Histograms: An Statistical Staple

Posted by Desmond W. on June 18, 2019

At this point in life, a majority of us have encountered a histogram. But, not everyone knows what information we can glean from them. Why do we even need histograms in the first place? What do histograms tell us?

Photo from Imgur

Histograms are a visual representation of frequency distributions, focusing on continuous data. These visualizations are especially useful for larger data sets. The area of each bar informs us of the frequency of occurrences within a bin, the range of divisions within a range of data, within the histogram. Additionally, histograms can identify outliers within raw data as well.

Another important aspect of histograms that provide information is their shape. The shape of a histogram allows statisticians and data scientist to make inferences about the skewness of data. This is important to note, as skewed data can lead to a model that is lacking in predictive power if not properly addressed early in model generation. There are quite a few different kinds of skewness, I however, will only discuss the most basic below:

This is an example of a normal distribution. Please note, the ‘bell-curve’ pattern. Data is symmetrical and evenly distributed between both the left and right tails, i.e. extreme ends of the histogram. (Photo on ASW Quality Resources)

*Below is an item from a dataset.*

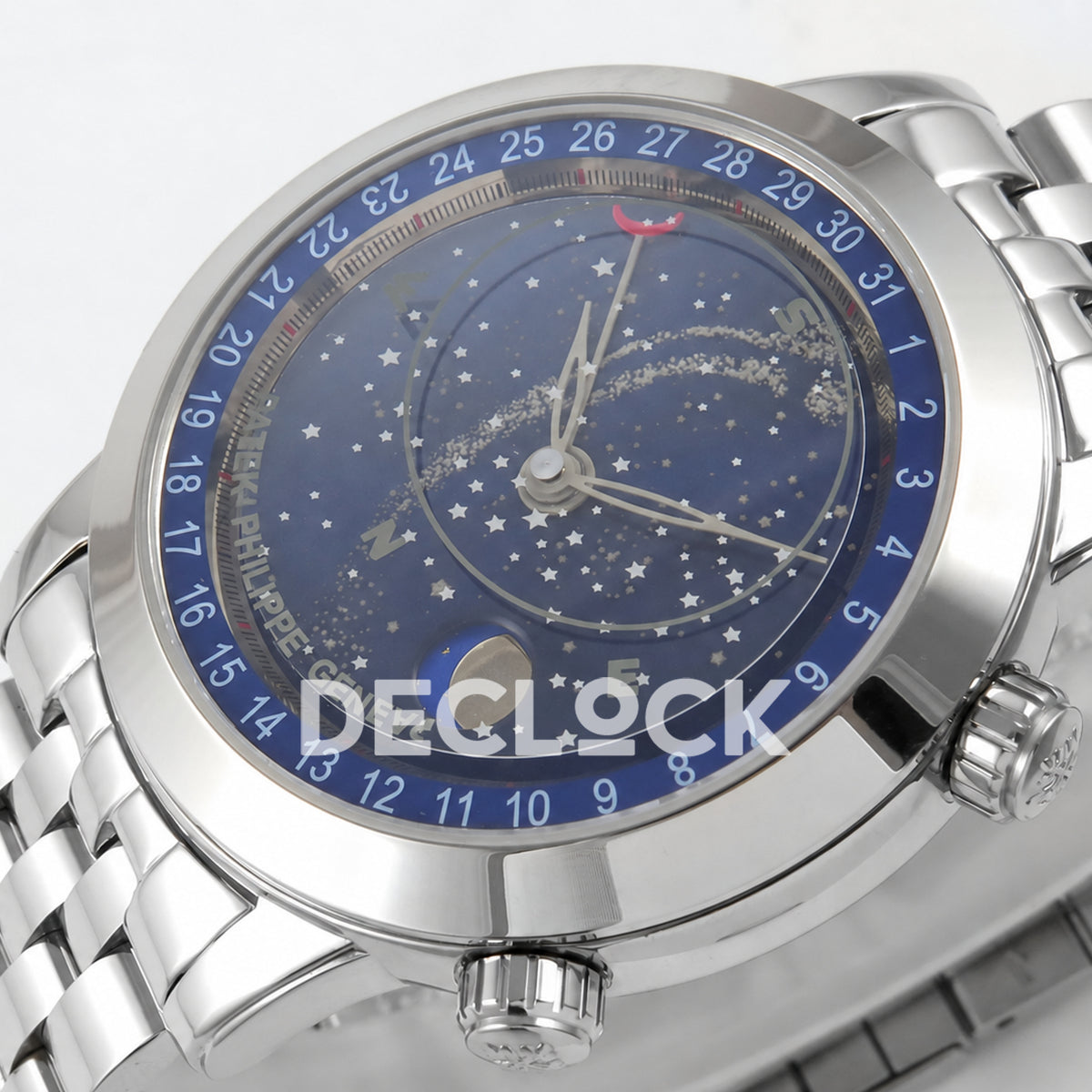 Patek Philippe Celestial 6102 BLSF replica with blue dial and steel bracelet — low-angle crown-side dial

This is an example of right-skewed distribution. Note the skew towards frequencies at the higher end of the histogram range. Please note that this skew can favor the left side of a histogram as well leading to a left-skewed distribution. (Photo on ASW Quality Resources)

So…what are the weaknesses of histograms as a data visualization tool? Histograms are not as versatile as say, a bar graph in regard to the variable types it can be used to visualize. Histograms focus on continuous variables. Additionally, bins in a histogram do not explicitly display frequency based on bar height, but the area within the bar as a function of the relationship between the bin range and Y. This can lead to misinterpretation by untrained eyes. Histograms are part of the opening phases of data analysis. If used properly, they can set you up to successfully create a working model. Be mindful of the basics and take it slow.